XLang April Meeting Datashape Discussion - darpa-xdata/xlang GitHub Wiki

Andy presented comments from the first tables review:

why implement a new language for data management. Should we find existing work instead of reimplement? why use a language instead of just a library? Isn't this just a database schema or a serialization library?

Four Proposals Currently

use data shape (Continuum using this approach)
use thrift / AVPRO - (no current champion within XDATA)
build a way for us all to talk to C
Just doing tagging unions on the heap in C

Concern of not being able to represent complicated, hierarchical objects in TD (thunder dome)

AVRO can handle plugins, but we would have to heavily extend AVRO and our use would not be generally useful to AVRO. Discussion of engineering challenges: annotations - detailed information on top of basic datatypes can be carried through AVRO. It isn't processed by AVRO, so we could use annotation to represent.

Cap'N Proto designers feel that XDATA applications were an "off label" use of protobuf. Cap'n Proto has a message format, which happens to match a C x86 format (for arrays and primitive types). We cannot define our own in-memory format. They are specifically trying to prevent different layouts. They are focusing on a serialization format.
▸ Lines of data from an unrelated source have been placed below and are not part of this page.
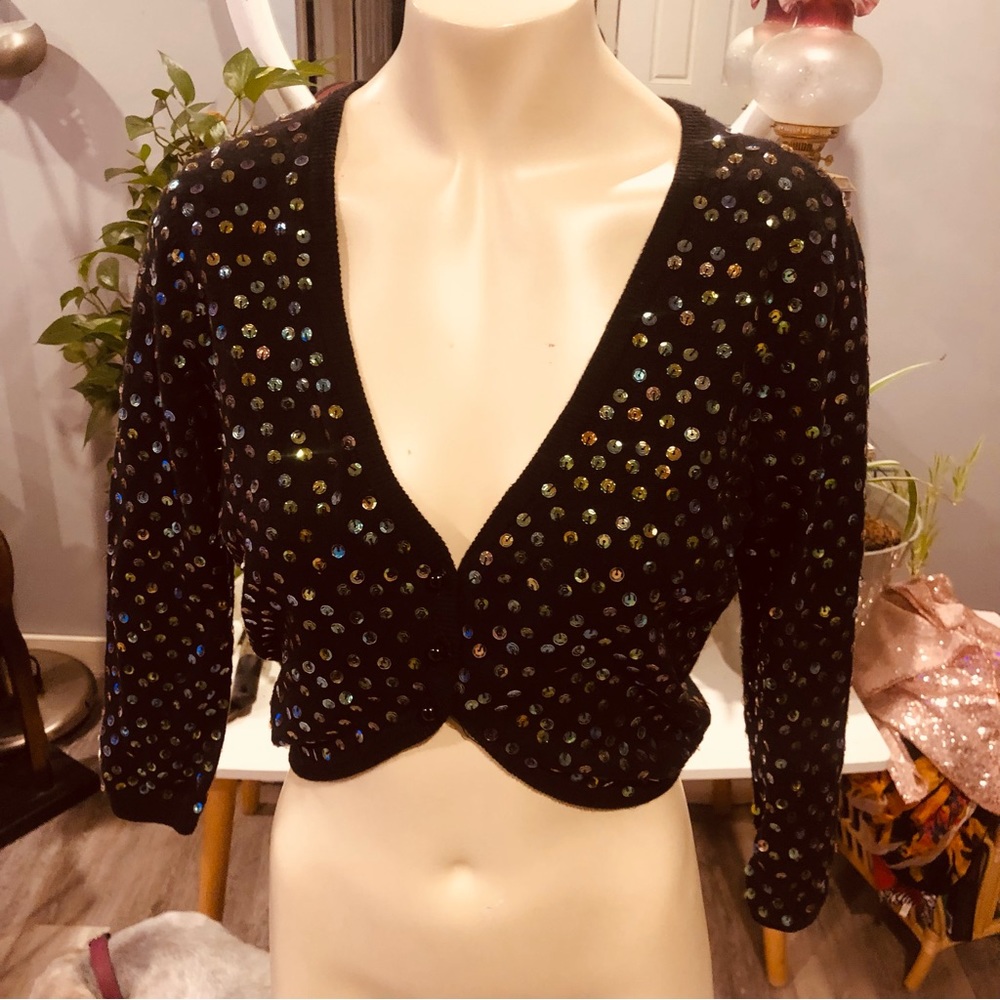 GLIMMER shrug with sparkles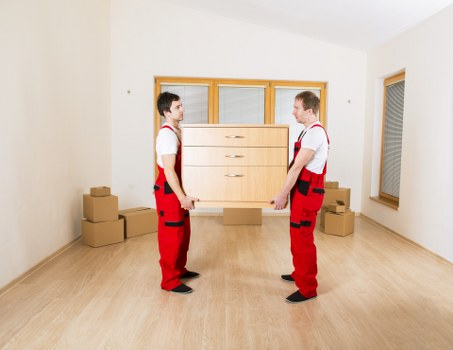 Local removal team handling heavy furniture during a move in southwest London
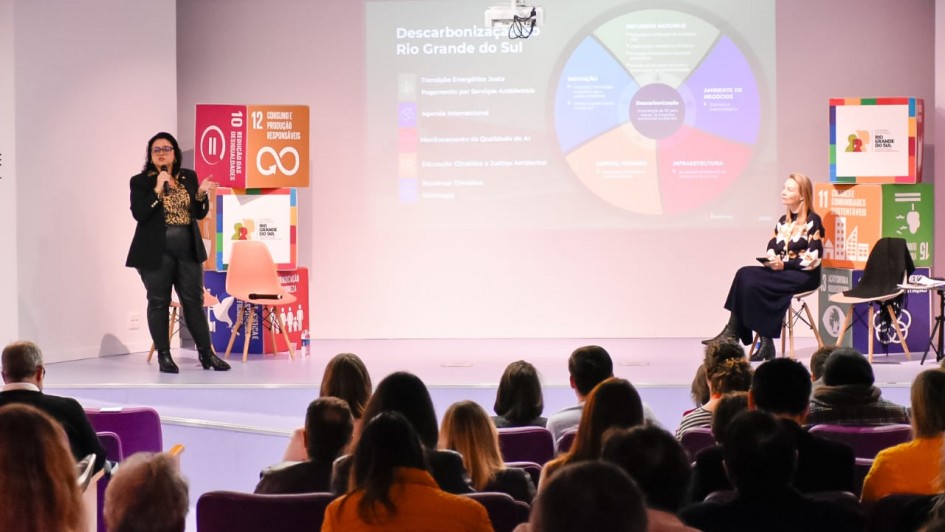 A imagem retrata uma apresentação em um auditório, com duas mulheres no palco e uma plateia sentada de costas para o observador.

No centro do palco, à esquerda, uma mulher de óculos, blusa com estampa de onça e calças escuras está em pé, segurando um microfone e gesticulando enquanto fala. Atrás dela, há um totem com o logotipo dos 17 Objetivos de Desenvolvimento Sustentável (ODS) da ONU, destacando os objetivos "10 Redução das Desigualdades" e "12 Consumo e Produção Responsáveis".

À direita, sentada em uma cadeira, está outra mulher, vestindo uma blusa estampada de flores e uma saia escura.

No fundo do palco, um grande telão exibe um infográfico circular colorido, com o título "Descarbonização Rio Grande do Sul". O gráfico apresenta seções como "Inovação", "Ambiente de Negócios", "Descarbonização", "Infraestrutura", "Gestão Urbana", "Governo Climático" e "Educação". Além disso, o telão lista tópicos como "Transição Energética Justa", "Pagamento por Serviços Ambientais", "Agenda Internacional", "Monitoramento da Qualidade do Ar", "Educação Climática e Justiça Ambiental", "Governança Climática" e "Inovação".

À direita do telão, há um banner com o título "11º Fórum Gaúcho de Mudanças Climáticas", acompanhado de outros logotipos relacionados aos ODS. A plateia ocupa as primeiras filas do auditório, com cadeiras roxas, e a maioria das pessoas está de costas, prestando atenção à apresentação.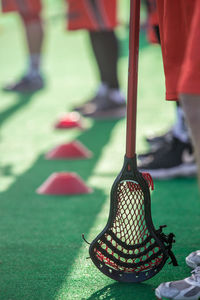 Low section of man with sports equipment on lacrosse field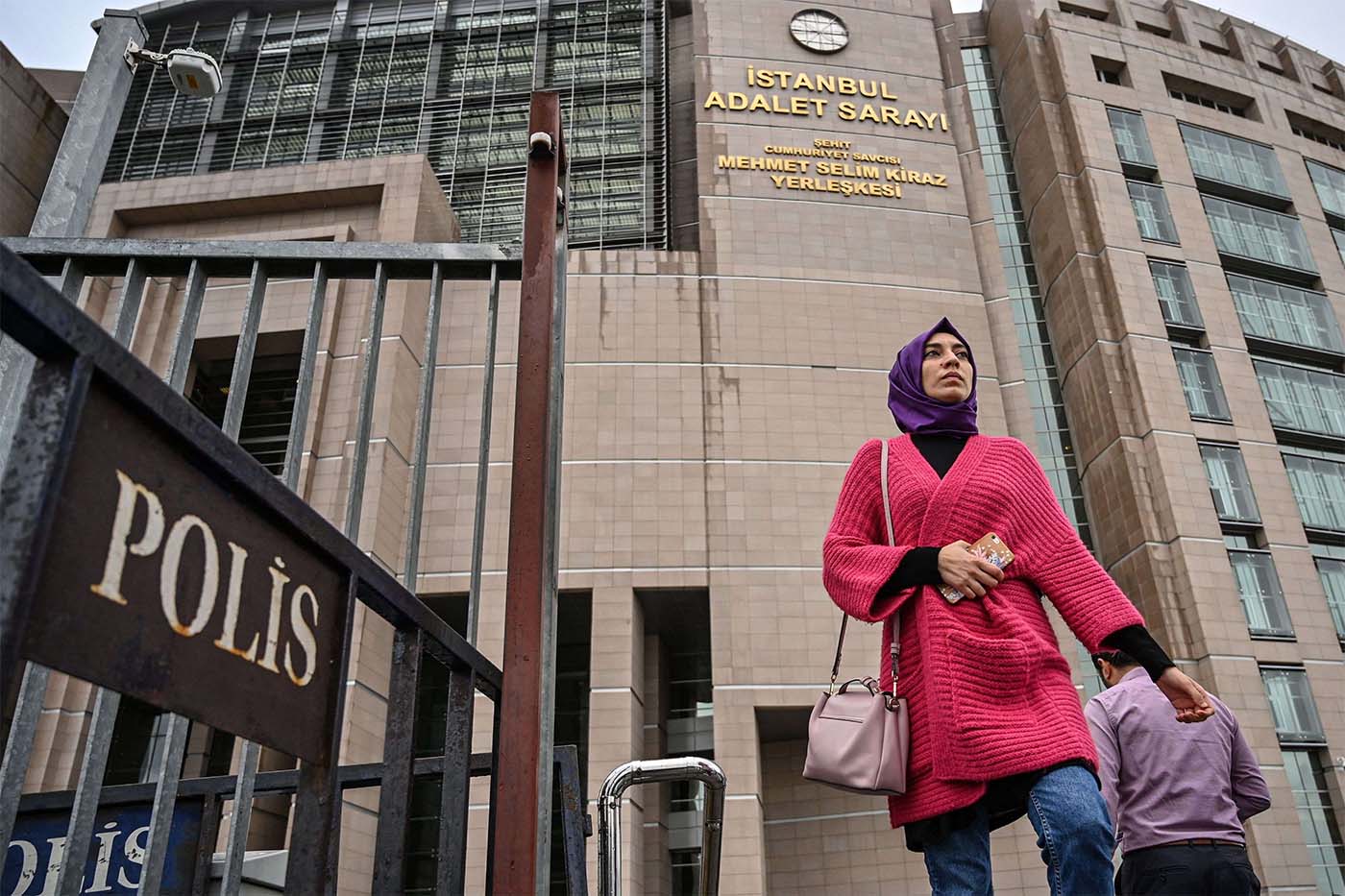 People walk outside of Istanbul's courthouse during the trial of dozens of defendants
Datascript - another data description language (data script.berlioz.de) that might inspire our work, but doesn't seem. [http://datascript.sourceforge.net]

Discussions of the tradeoffs of passing more complex datatypes

We certainly can interchange primitive types through TD, but how much farther (toward complex data interchange) do we want to go?

Current DSL / JVM implementation converts arrays of structures into columnar store - a list of arrays, where each array was one component of a structure.

Why not extend a serialization format? This is still an open question, but nobody in the current XDATA project can champion this approach. AVRO is likely to be the better choice than Thrift.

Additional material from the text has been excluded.